Allerdings beginnen die Versorger erst einmal mit der Elektrifizierung des eigenen Fuhrparks. Mehr als 80 % haben laut BET dafür einen Plan. Von einer umfassenden Strategie sind die meisten Unternehmen jedoch noch weit entfernt. Lediglich 40 % verfügen überhaupt über Prognosen über den Hochlauf der Elektromobilität in ihrem Geschäftsgebiet und gerade einmal ein Viertel hat bisher die Auswirkungen des derzeitigen und künftigen Ladeverhaltens von E-Mobilisten auf ihre eigene Beschaffungsstrategie analysiert.

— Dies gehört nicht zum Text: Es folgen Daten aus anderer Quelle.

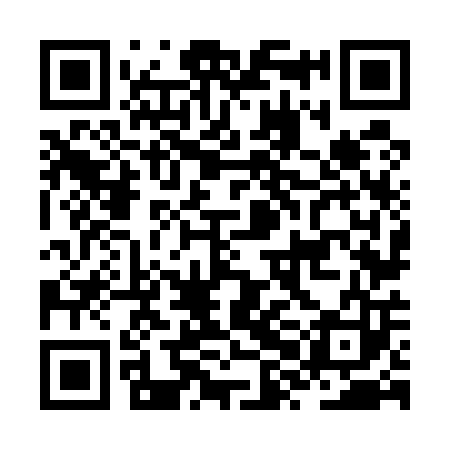 QR code for JXN503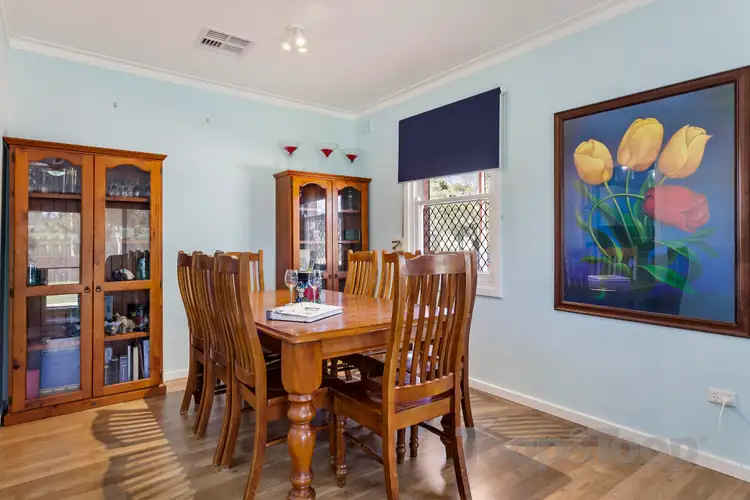 Fifth view of Homely house listing, 2 Easton Road, Davoren Park SA 5113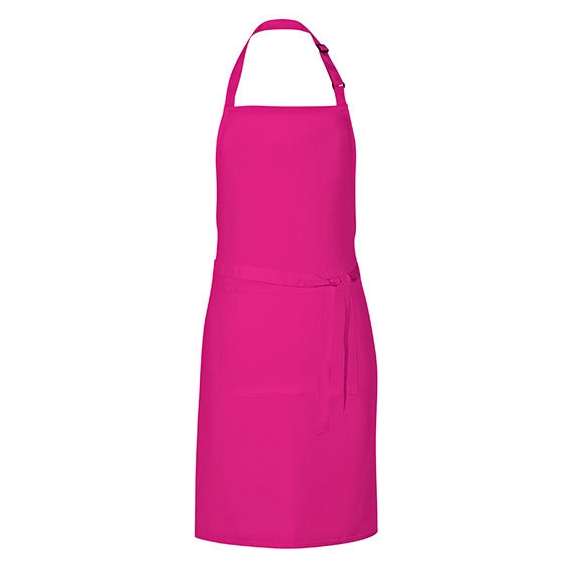 Grill Apron
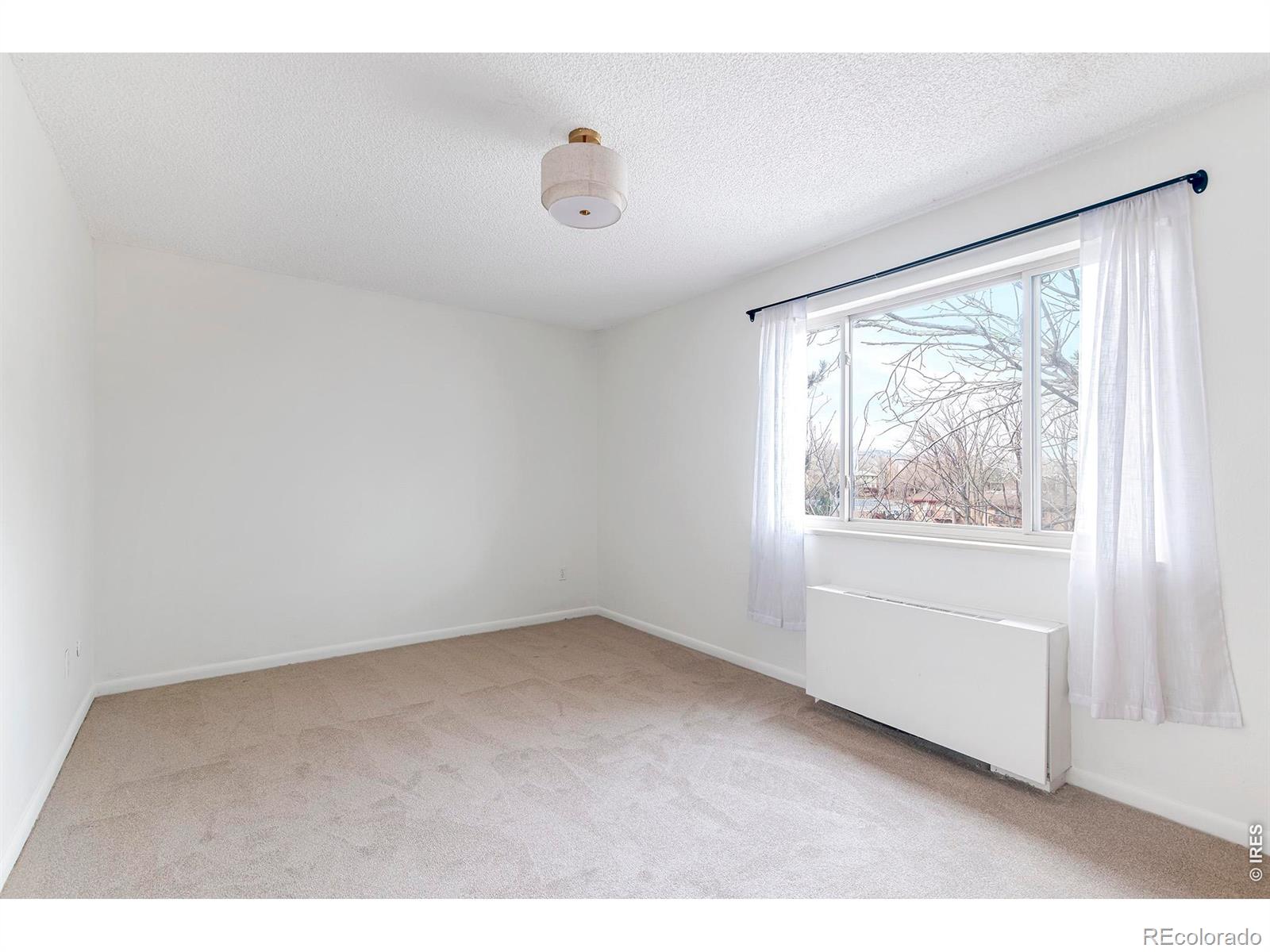 3000 Colorado Avenue Boulder CO 80303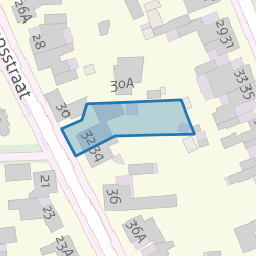 Perceel UDN00-M-4512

Lediglich 52 %, bei 66 abgegebenen Antworten, haben einen systematischen Überblick über ihre Konkurrenten. Dabei ist es aus vertrieblicher Sicht unerlässlich, sich über die Wettbewerbssituation ein genaues Bild zu machen, zumal bei der E-Mobilität ganz neue Konkurrenten in den Markt drängen: die Automobilkonzerne. Mittlerweile sind die Fahrzeughersteller in den Stromvertrieb eingestiegen, widmen sich dem Aufbau der Ladeinfrastruktur und schließen Kooperationen mit den Großen der Energiewirtschaft. Für Stadtwerke ein herausforderndes, aber trotzdem vielversprechendes Terrain, wie von BET zu hören ist.

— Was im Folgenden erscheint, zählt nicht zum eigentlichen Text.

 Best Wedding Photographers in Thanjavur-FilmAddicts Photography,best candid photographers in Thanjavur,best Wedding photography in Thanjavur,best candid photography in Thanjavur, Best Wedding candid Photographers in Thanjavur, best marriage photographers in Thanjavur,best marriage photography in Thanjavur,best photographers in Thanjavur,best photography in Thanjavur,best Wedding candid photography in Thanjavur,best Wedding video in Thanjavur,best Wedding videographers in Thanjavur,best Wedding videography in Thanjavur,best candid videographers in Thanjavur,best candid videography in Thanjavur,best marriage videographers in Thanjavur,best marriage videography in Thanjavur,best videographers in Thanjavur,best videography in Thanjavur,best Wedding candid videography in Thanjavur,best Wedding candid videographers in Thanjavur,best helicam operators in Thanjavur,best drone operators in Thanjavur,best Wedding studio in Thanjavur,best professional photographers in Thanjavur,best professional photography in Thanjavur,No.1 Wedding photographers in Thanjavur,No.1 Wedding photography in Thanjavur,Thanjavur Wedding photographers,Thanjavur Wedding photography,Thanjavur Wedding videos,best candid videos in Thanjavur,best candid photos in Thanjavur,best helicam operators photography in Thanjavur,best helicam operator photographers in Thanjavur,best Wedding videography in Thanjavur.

Vielversprechend ist aus Sicht der Berater auch der Handel mit Treibhausgasminderungsquoten. Das Potenzial bleibe aber weitgehend ungenutzt, sagt Sarah Roes. Nur etwa ein Viertel der Energieversorger nutze dieses Instrument, um die Wirtschaftlichkeit der Geschäftsmodelle rund um die Elektromobilität zu steigern, so die Partnerin für Handel und Vertrieb bei BET. 
 

Der Handel mit Treibhausgasminderungsquoten

Unternehmen, die fossile Kraftstoffe in den Verkehr bringen, müssen einen Teil der dadurch entstehenden Treibhausgasemissionen ausgleichen. Das Bundes-Immissionsschutzgesetz ist die dieser Pflicht zugrunde liegende Rechtsnorm. Ab 2007 hatten die Mineralölkonzerne deshalb eine Biokraftstoffquote zu erfüllen. Seit 2015 gibt es eine Treibhausgasminderungsquote. Sie betrug zunächst 3 % und stieg 2019 auf 4 %. Derzeit beträgt sie 6 % und soll bis zum Jahr 2030 auf 25 % ansteigen.

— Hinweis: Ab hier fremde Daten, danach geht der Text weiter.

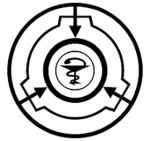 [SCP] Site 37 Medical Department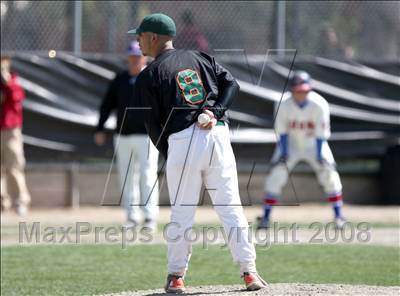 Thumbnail 1 in Adams City @ Cherry Creek (5A Districts) photogallery.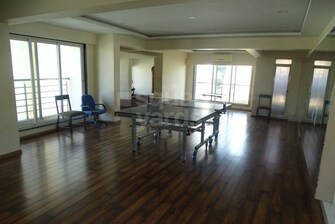 4 BHK Apartment For Rent in Kamala Khandelwal Apartments Khar West Mumbai  8082317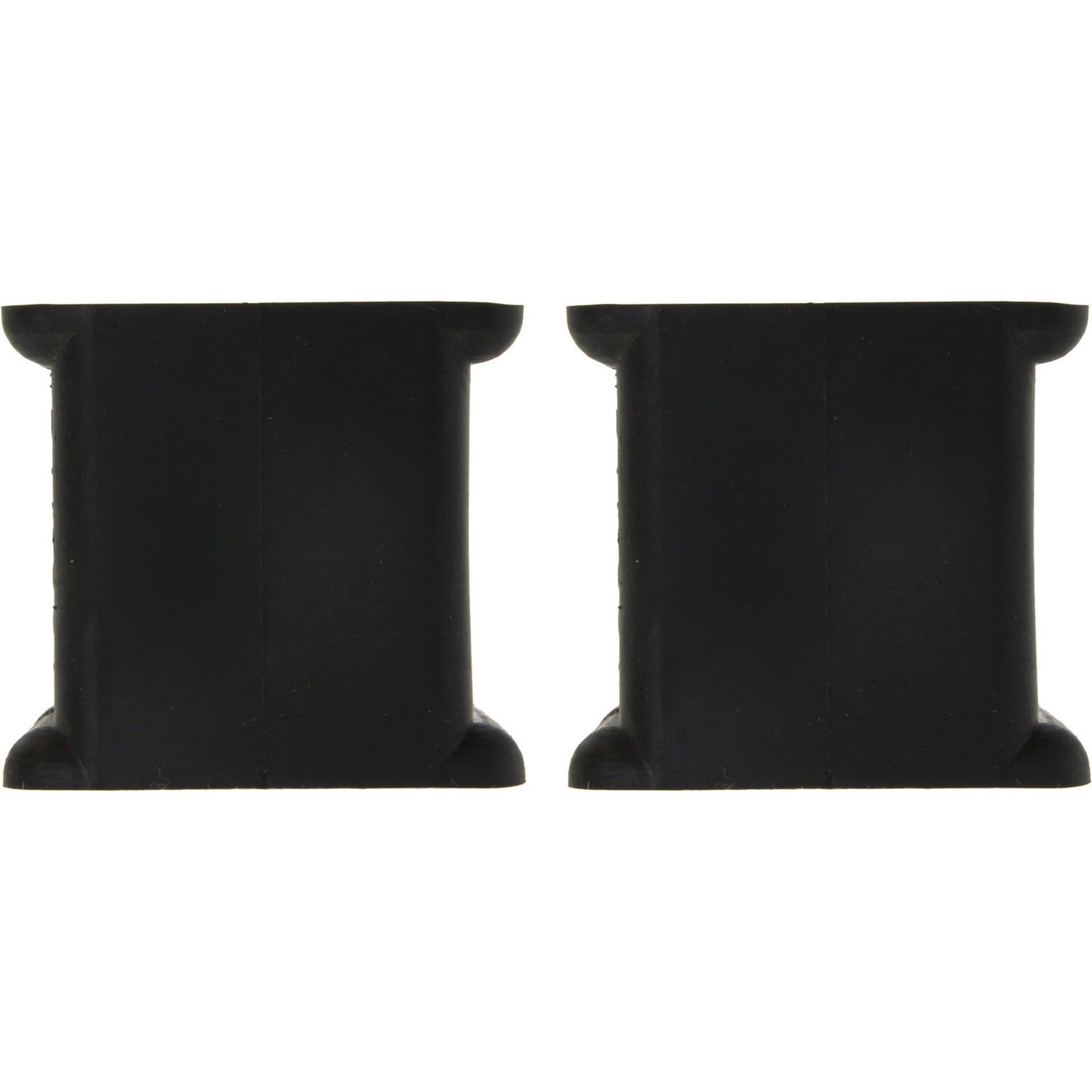 855-602.65016 - Image 2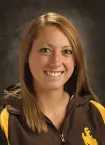 Christine Nelson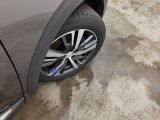  Peugeot  5008 Peugeot  1.5 BlueHDi 96kW S&S EAT8 Allure 5d #48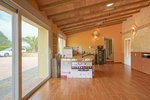 Thumbnail 32 of Villa for sale in Gata De Gorgos / Spain #60012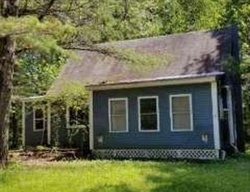 Foreclosure in  STOKEWOOD DR Lebanon, ME 04027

Diese Zielgröße wurde aktuell mit dem Gesetz zur Weiterentwicklung der Treibhausgasminderungsquote von Bundestag und Bundesrat verabschiedet. Damit setzt die Bundesregierung die EU-Richtlinie für erneuerbare Energien in nationales Recht um. Das Gesetz definiert auch den Referenzwert, aus dem sich die erforderliche Treibhausgasminderung ergibt.

Die Anbieter fossiler Kraftstoffe können der Pflicht zur Senkung ihrer Emissionen durch den Verkauf von Biokraftstoffen nachkommen. Sie können aber auch THG-Quotenmengen von Anbietern emissionsarmer oder -freier Kraftstoffe erwerben, die ihre eigene Quote übererfüllt haben oder selbst nicht verpflichtet sind.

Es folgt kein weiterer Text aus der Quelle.